What you are asked to do:
Set the pictures aside and transcribe exactly the lines from the one containing "A patio with a pergola and seating area." through the final line of the records.

Exercise input:
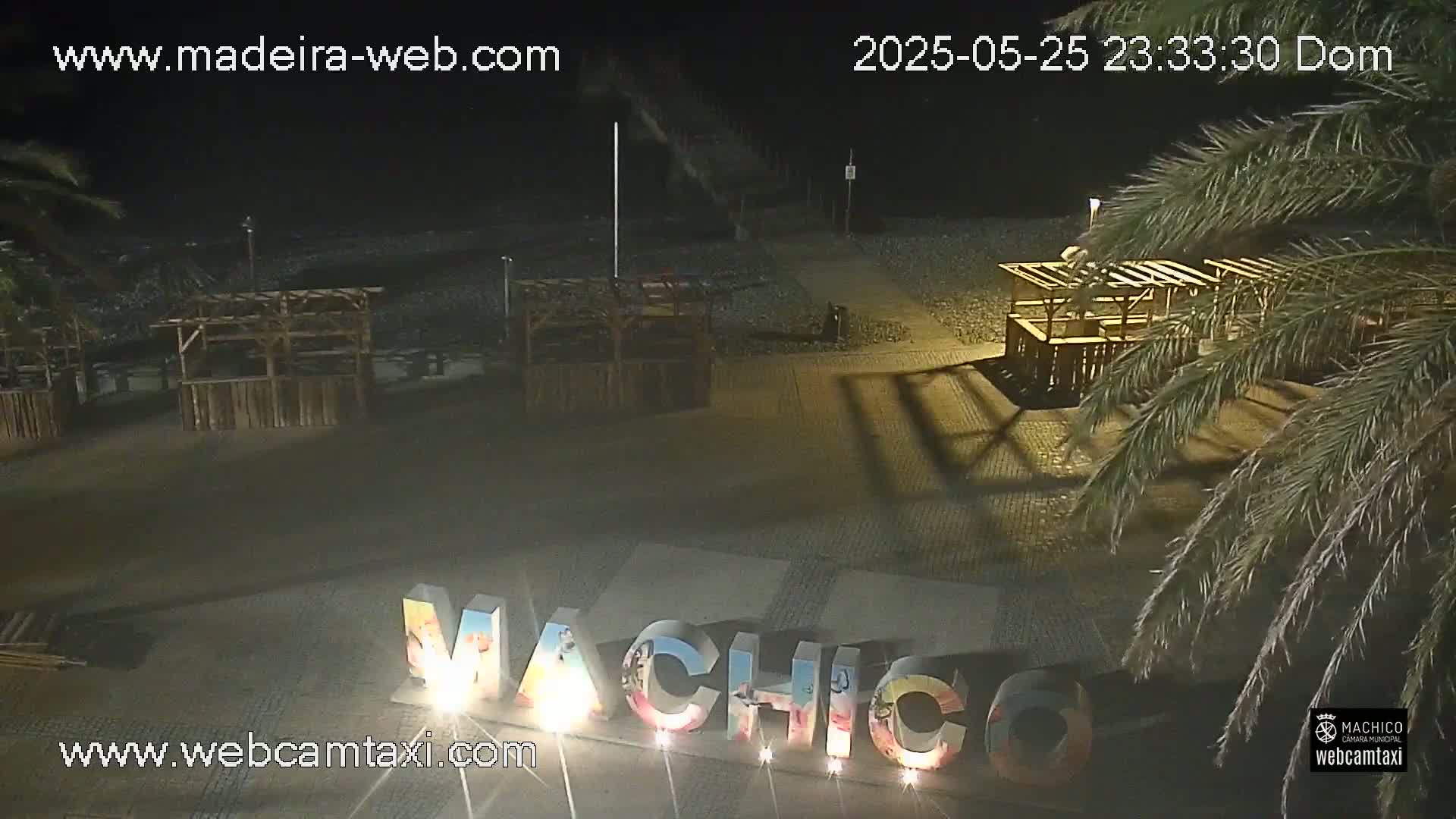 A nighttime view of a beach at night with several empty wooden structures, palm trees, and large illuminated letters spelling out a place name.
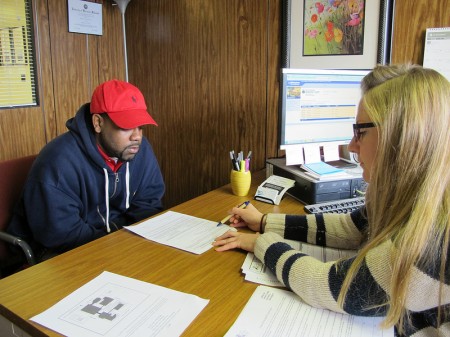 Supervisor Angela Catania explains how to regain a driver’s license to Hakim Fudge, who has 15 unpaid tickets, at the Center for Driver's License Recovery and Employability. (Photo by Rick Brown)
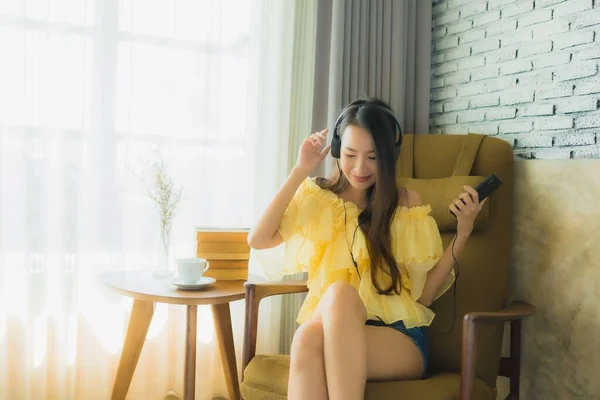 年轻的亚洲女子坐在椅子上 一边听音乐 一边用手机喝咖啡 一边在客厅里看书 — 图库照片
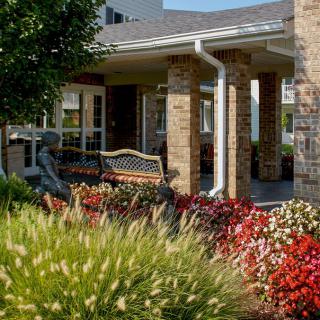 A scenic garden with vibrant flowers and a bench in front of a building.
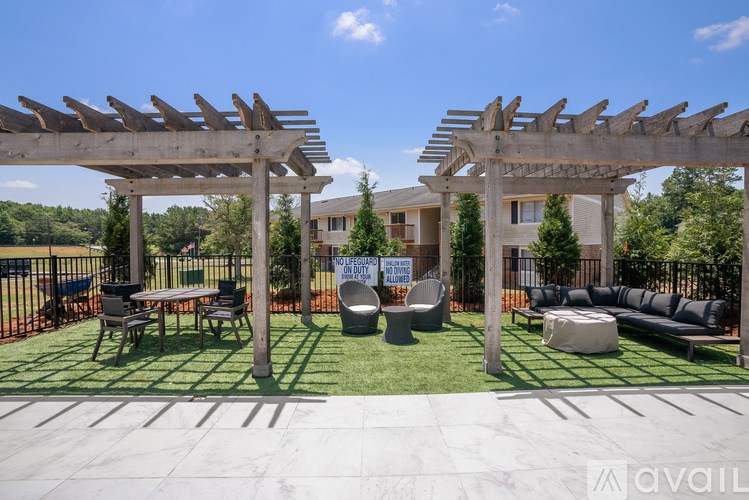 A patio with a pergola and seating area.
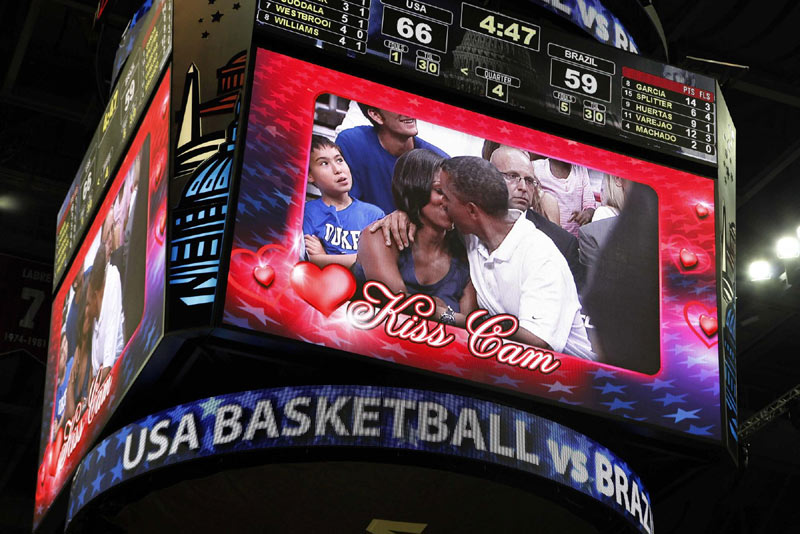 US President Barack Obama and first lady Michelle Obama are shown kissing on the 'Kiss Cam' screen during a timeout in the Olympic basketball exhibition game between the US and Brazil national men's teams in Washington, on July 16, 2012. 2012 Sports Photos in Review: Off the court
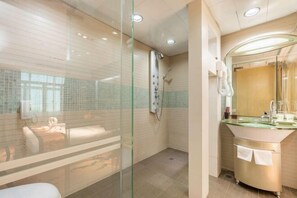 Un baño moderno con cabina de ducha de vidrio, tocador con tapa de cristal y un perchero visible.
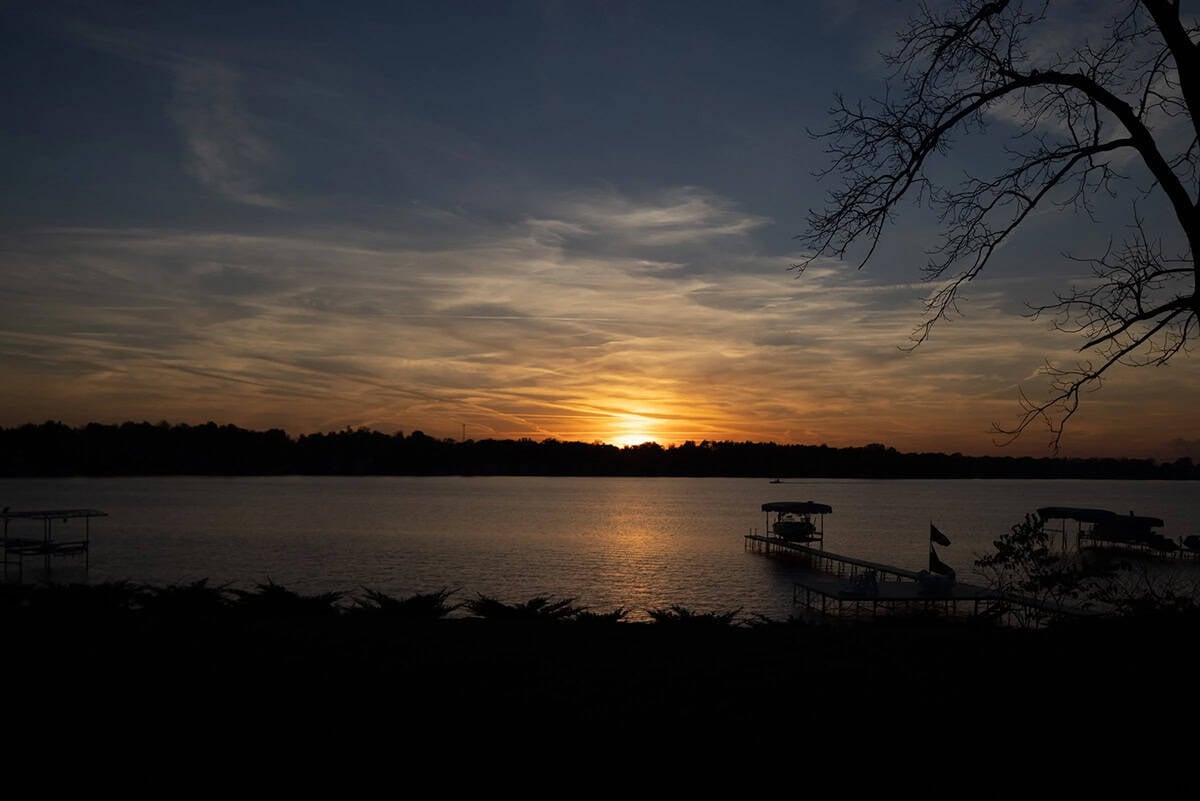 modern coastal style home lakeside view at sunset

Answer to this task:
 A patio with a pergola and seating area.
 US President Barack Obama and first lady Michelle Obama are shown kissing on the 'Kiss Cam' screen during a timeout in the Olympic basketball exhibition game between the US and Brazil national men's teams in Washington, on July 16, 2012. 2012 Sports Photos in Review: Off the court
 Un baño moderno con cabina de ducha de vidrio, tocador con tapa de cristal y un perchero visible.
 modern coastal style home lakeside view at sunset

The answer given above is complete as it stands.